- **RECORDED INFORMATION**:
- - -

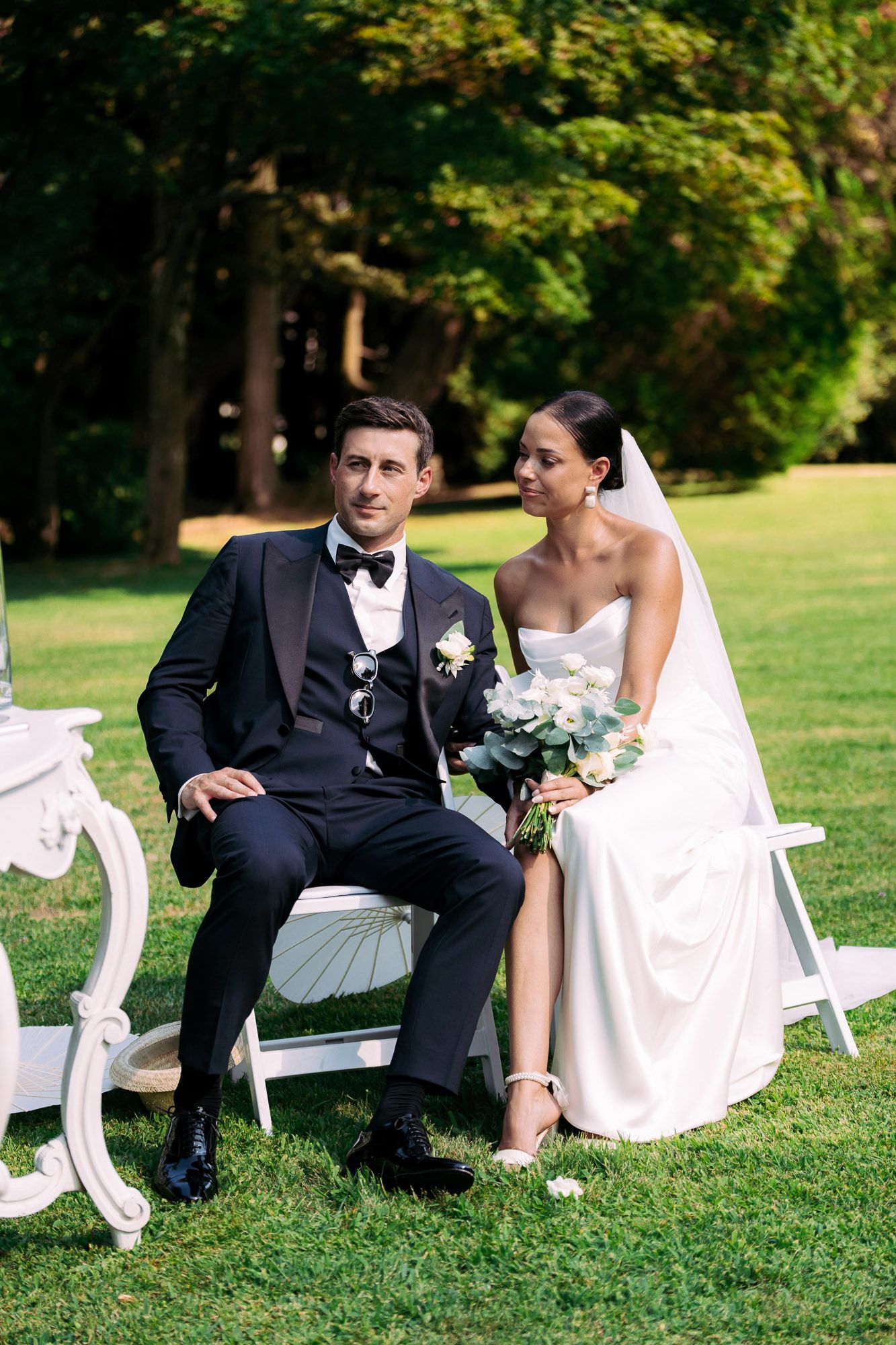 A couple in wedding attire sits together on white garden chairs on a lush green lawn.
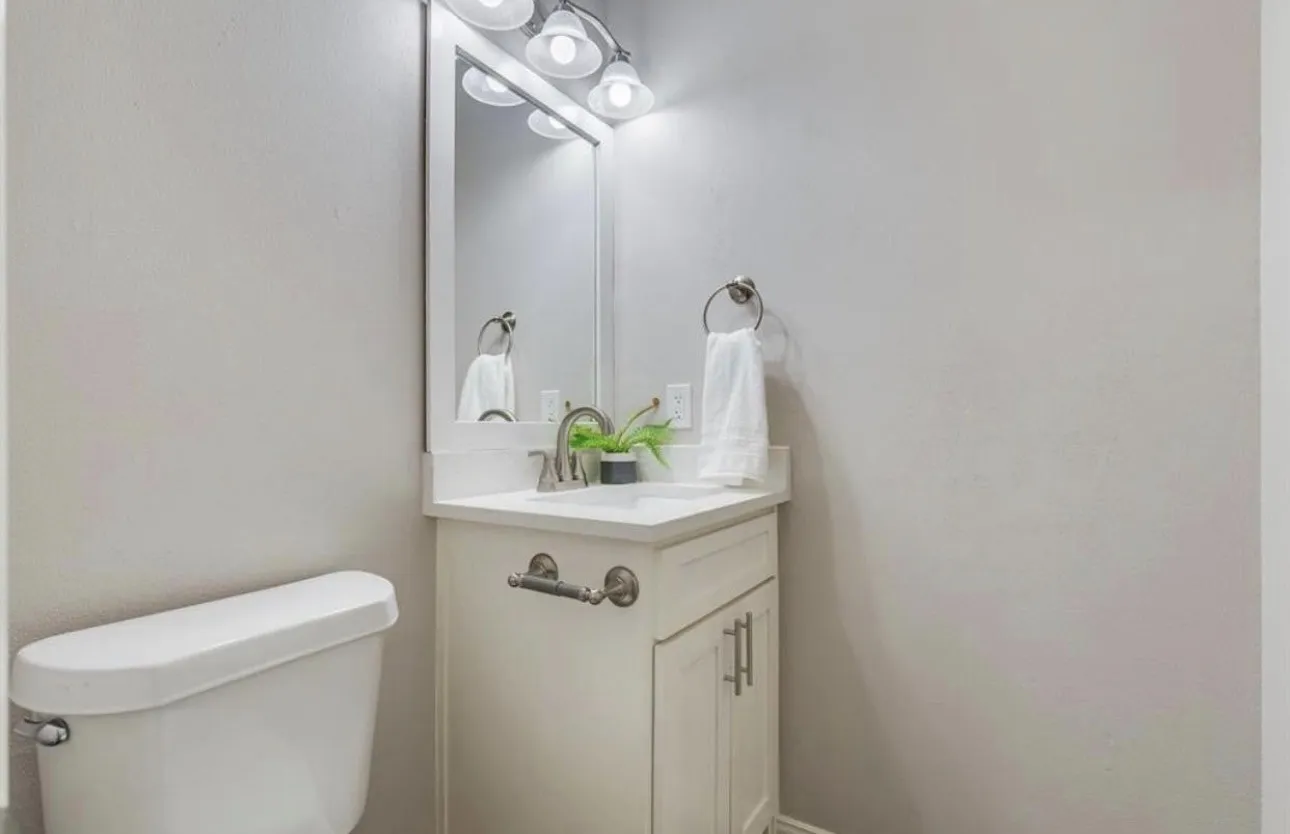 White vanity with integrated sink, chrome faucet, white countertop, and wall-mounted mirror with overhead lighting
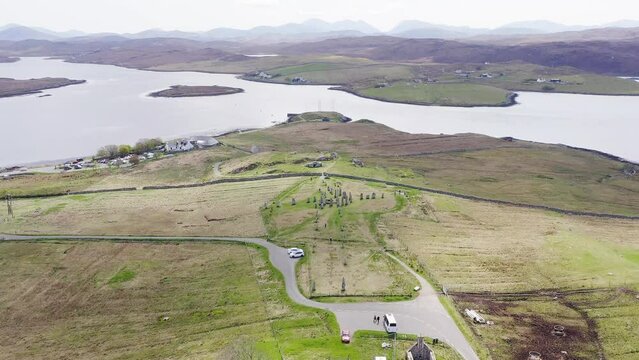 Moving drone shot of the ancient Callanish Standing Stones on the Isle of Lewis, part of the Outer Hebrides of Scotland. The stones are neolithic, first erected more than 4 millennia ago.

- - -

- **WHAT TO PRODUCE**: Omit pictures; set down the rest of the material word for word.

- **YOUR SOLUTION**:
 A couple in wedding attire sits together on white garden chairs on a lush green lawn.
 White vanity with integrated sink, chrome faucet, white countertop, and wall-mounted mirror with overhead lighting
 Moving drone shot of the ancient Callanish Standing Stones on the Isle of Lewis, part of the Outer Hebrides of Scotland. The stones are neolithic, first erected more than 4 millennia ago.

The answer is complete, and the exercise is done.